● **DATA SHOWN**:

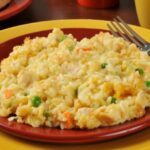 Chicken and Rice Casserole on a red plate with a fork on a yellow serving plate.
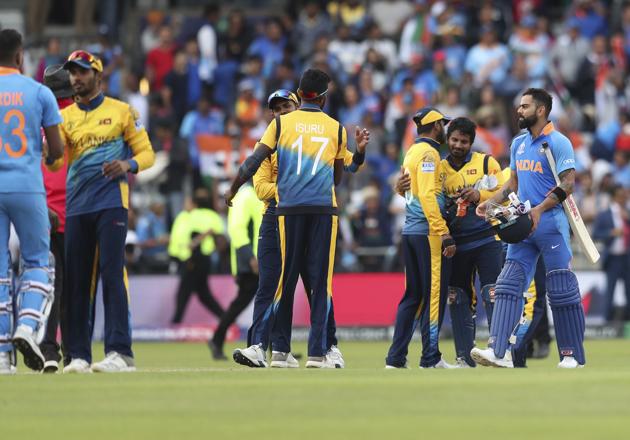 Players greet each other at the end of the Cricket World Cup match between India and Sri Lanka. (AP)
---
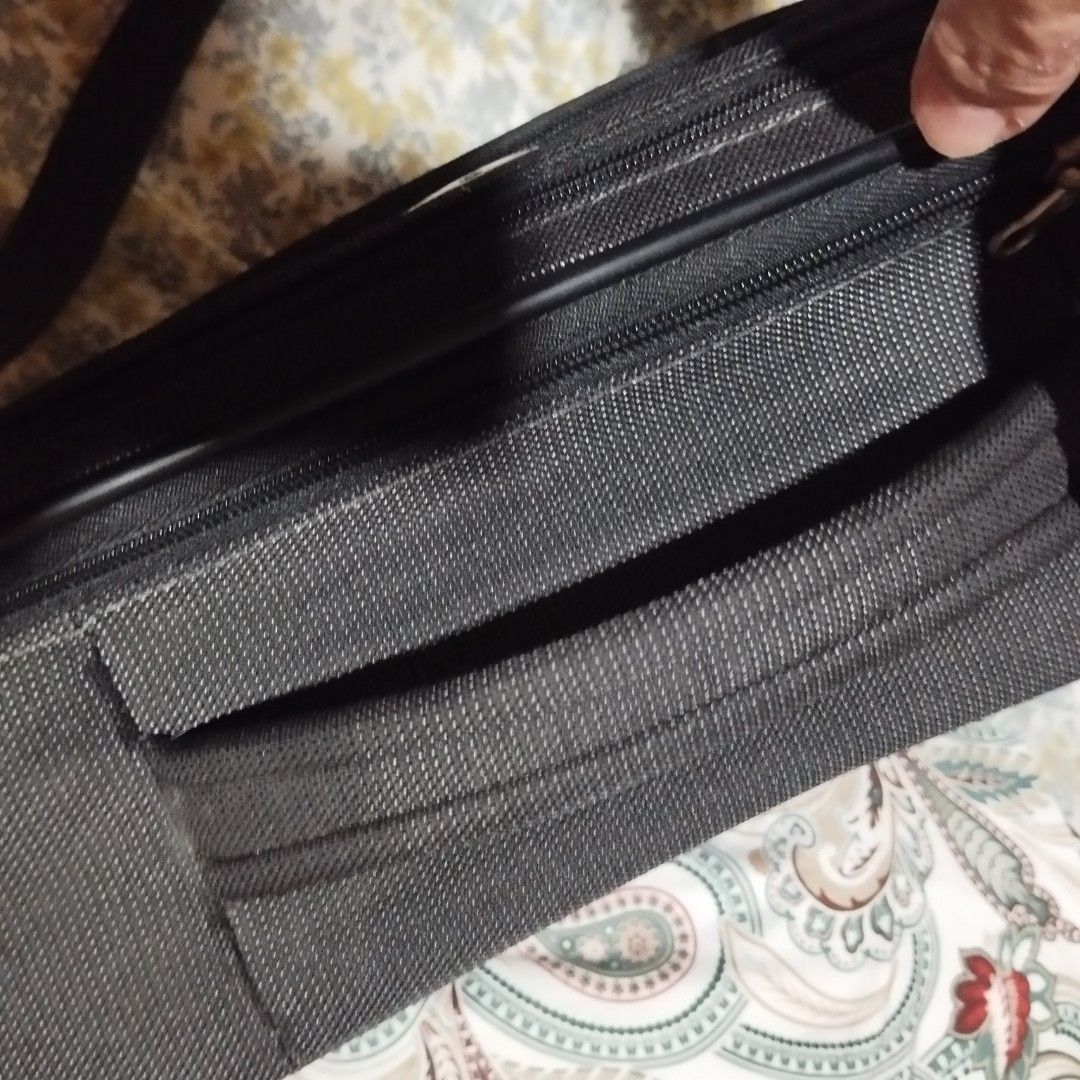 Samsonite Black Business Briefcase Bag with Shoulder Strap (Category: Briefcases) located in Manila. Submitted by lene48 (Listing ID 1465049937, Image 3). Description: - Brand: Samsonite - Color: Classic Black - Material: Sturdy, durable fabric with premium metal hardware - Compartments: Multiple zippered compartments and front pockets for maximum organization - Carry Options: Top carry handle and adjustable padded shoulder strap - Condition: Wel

● **AIM OF THE EXERCISE**: Starting at the line that contains "Chicken and Rice" and ending at the line that contains "Players greet each", transcribe the material above exactly, excluding pictures.

● **ANSWER SECTION**:
 Chicken and Rice Casserole on a red plate with a fork on a yellow serving plate.
 Players greet each other at the end of the Cricket World Cup match between India and Sri Lanka. (AP)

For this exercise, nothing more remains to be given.